### Provided records

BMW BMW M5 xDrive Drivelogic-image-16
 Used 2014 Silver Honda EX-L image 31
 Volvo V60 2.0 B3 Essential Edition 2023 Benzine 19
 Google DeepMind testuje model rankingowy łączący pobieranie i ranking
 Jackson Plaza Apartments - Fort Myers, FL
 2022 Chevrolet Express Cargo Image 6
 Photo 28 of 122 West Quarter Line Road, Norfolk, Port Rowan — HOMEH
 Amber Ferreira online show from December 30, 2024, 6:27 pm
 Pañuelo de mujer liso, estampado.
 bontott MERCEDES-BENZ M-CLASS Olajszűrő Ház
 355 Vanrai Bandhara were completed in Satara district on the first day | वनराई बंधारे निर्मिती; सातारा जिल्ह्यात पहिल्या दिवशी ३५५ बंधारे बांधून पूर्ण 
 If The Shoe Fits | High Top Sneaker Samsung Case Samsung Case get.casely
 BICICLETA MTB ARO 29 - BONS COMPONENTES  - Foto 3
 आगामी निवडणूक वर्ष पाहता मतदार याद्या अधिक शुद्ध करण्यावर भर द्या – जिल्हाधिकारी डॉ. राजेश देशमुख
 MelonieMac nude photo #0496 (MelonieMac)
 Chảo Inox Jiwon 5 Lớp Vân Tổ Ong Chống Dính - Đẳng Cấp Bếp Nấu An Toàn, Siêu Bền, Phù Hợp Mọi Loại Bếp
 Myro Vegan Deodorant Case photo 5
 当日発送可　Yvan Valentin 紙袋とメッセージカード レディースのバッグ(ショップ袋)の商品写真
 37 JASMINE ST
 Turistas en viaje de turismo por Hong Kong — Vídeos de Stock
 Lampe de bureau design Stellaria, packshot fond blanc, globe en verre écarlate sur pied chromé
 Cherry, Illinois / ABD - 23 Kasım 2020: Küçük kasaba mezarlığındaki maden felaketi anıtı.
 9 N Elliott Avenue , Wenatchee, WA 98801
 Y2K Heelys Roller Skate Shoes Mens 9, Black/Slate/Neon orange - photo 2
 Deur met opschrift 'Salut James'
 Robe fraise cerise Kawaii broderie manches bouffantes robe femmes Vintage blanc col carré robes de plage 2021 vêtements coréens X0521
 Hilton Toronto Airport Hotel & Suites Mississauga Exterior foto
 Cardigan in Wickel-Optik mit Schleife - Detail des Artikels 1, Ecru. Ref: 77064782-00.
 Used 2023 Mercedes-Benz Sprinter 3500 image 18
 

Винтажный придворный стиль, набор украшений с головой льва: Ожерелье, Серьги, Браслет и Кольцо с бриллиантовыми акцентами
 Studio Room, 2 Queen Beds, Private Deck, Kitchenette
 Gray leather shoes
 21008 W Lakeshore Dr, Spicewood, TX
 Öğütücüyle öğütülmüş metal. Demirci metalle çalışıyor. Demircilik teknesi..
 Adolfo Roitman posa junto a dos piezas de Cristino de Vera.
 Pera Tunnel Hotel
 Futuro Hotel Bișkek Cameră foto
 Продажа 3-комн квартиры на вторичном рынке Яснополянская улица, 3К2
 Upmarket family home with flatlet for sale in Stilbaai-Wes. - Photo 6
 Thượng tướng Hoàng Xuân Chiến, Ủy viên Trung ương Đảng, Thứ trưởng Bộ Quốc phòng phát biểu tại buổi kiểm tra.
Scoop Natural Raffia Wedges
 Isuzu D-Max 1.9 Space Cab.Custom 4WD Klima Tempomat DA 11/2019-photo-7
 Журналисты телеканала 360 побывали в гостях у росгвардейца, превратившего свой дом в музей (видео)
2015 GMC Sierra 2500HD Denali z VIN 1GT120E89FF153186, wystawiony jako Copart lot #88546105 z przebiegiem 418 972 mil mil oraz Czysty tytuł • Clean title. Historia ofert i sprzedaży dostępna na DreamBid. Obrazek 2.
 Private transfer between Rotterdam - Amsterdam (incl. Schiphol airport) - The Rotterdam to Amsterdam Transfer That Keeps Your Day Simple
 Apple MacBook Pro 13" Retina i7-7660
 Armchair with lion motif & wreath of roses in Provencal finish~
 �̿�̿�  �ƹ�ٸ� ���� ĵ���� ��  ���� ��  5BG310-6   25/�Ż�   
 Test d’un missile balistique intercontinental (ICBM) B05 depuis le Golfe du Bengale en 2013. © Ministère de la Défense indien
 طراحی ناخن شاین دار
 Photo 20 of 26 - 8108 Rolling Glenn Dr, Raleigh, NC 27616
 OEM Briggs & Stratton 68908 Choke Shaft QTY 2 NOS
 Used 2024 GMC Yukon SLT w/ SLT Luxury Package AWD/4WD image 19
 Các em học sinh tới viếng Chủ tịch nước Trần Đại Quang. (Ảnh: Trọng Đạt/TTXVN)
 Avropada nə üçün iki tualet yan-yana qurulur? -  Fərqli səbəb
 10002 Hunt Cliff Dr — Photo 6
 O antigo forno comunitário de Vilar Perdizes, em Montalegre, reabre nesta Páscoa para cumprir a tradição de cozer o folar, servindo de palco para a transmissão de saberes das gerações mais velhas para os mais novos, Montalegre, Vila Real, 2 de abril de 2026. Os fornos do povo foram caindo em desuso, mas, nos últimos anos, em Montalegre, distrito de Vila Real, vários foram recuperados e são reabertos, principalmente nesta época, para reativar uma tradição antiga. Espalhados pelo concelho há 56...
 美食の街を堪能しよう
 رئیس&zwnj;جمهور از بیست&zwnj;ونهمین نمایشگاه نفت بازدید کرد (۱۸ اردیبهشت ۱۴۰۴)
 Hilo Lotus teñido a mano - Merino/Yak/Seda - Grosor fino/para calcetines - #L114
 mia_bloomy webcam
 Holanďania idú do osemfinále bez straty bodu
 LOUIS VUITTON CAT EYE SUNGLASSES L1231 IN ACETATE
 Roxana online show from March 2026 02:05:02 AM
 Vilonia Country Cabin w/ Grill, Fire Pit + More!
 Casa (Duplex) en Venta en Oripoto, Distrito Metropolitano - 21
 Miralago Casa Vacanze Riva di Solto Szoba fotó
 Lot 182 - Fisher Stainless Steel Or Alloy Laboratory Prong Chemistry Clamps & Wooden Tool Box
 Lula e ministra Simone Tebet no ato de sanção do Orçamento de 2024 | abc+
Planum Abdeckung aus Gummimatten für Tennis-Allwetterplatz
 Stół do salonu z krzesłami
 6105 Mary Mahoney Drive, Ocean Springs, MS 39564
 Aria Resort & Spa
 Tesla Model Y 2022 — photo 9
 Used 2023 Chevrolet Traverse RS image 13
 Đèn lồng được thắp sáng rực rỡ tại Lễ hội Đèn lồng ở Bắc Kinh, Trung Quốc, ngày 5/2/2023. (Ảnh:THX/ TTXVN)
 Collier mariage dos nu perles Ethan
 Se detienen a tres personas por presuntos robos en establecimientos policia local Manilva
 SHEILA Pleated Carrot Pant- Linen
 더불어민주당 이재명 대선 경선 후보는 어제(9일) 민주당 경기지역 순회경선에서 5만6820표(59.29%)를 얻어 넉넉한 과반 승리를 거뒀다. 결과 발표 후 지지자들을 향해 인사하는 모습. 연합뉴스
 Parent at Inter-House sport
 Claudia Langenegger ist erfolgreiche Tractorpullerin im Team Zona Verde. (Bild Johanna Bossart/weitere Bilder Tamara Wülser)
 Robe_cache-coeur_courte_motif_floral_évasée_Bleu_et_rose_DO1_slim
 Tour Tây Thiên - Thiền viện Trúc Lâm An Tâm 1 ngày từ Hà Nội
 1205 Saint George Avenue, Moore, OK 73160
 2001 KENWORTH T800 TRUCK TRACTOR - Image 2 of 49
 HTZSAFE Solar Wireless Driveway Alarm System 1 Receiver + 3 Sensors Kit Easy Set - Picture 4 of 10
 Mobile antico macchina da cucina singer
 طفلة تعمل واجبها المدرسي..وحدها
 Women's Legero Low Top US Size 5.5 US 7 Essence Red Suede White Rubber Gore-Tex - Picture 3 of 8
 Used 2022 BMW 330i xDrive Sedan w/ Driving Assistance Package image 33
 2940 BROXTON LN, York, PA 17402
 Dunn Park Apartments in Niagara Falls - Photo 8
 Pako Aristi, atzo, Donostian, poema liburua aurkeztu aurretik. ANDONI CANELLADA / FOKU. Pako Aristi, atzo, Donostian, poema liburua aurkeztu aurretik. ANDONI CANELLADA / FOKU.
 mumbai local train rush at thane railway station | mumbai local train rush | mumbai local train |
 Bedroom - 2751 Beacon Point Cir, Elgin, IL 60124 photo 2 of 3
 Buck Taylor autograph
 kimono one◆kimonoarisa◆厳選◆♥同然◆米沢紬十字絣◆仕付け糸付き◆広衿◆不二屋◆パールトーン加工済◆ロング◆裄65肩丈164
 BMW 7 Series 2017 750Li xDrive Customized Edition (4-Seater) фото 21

######

_Your goal_. Please reproduce the lines from the line with "Collier mariage dos nu perles Ethan" to the line with "kimono one◆kim", both ends included, exactly as they appear above.

_Answer section_.
 Collier mariage dos nu perles Ethan
 Se detienen a tres personas por presuntos robos en establecimientos policia local Manilva
 SHEILA Pleated Carrot Pant- Linen
 더불어민주당 이재명 대선 경선 후보는 어제(9일) 민주당 경기지역 순회경선에서 5만6820표(59.29%)를 얻어 넉넉한 과반 승리를 거뒀다. 결과 발표 후 지지자들을 향해 인사하는 모습. 연합뉴스
 Parent at Inter-House sport
 Claudia Langenegger ist erfolgreiche Tractorpullerin im Team Zona Verde. (Bild Johanna Bossart/weitere Bilder Tamara Wülser)
 Robe_cache-coeur_courte_motif_floral_évasée_Bleu_et_rose_DO1_slim
 Tour Tây Thiên - Thiền viện Trúc Lâm An Tâm 1 ngày từ Hà Nội
 1205 Saint George Avenue, Moore, OK 73160
 2001 KENWORTH T800 TRUCK TRACTOR - Image 2 of 49
 HTZSAFE Solar Wireless Driveway Alarm System 1 Receiver + 3 Sensors Kit Easy Set - Picture 4 of 10
 Mobile antico macchina da cucina singer
 طفلة تعمل واجبها المدرسي..وحدها
 Women's Legero Low Top US Size 5.5 US 7 Essence Red Suede White Rubber Gore-Tex - Picture 3 of 8
 Used 2022 BMW 330i xDrive Sedan w/ Driving Assistance Package image 33
 2940 BROXTON LN, York, PA 17402
 Dunn Park Apartments in Niagara Falls - Photo 8
 Pako Aristi, atzo, Donostian, poema liburua aurkeztu aurretik. ANDONI CANELLADA / FOKU. Pako Aristi, atzo, Donostian, poema liburua aurkeztu aurretik. ANDONI CANELLADA / FOKU.
 mumbai local train rush at thane railway station | mumbai local train rush | mumbai local train |
 Bedroom - 2751 Beacon Point Cir, Elgin, IL 60124 photo 2 of 3
 Buck Taylor autograph
 kimono one◆kimonoarisa◆厳選◆♥同然◆米沢紬十字絣◆仕付け糸付き◆広衿◆不二屋◆パールトーン加工済◆ロング◆裄65肩丈164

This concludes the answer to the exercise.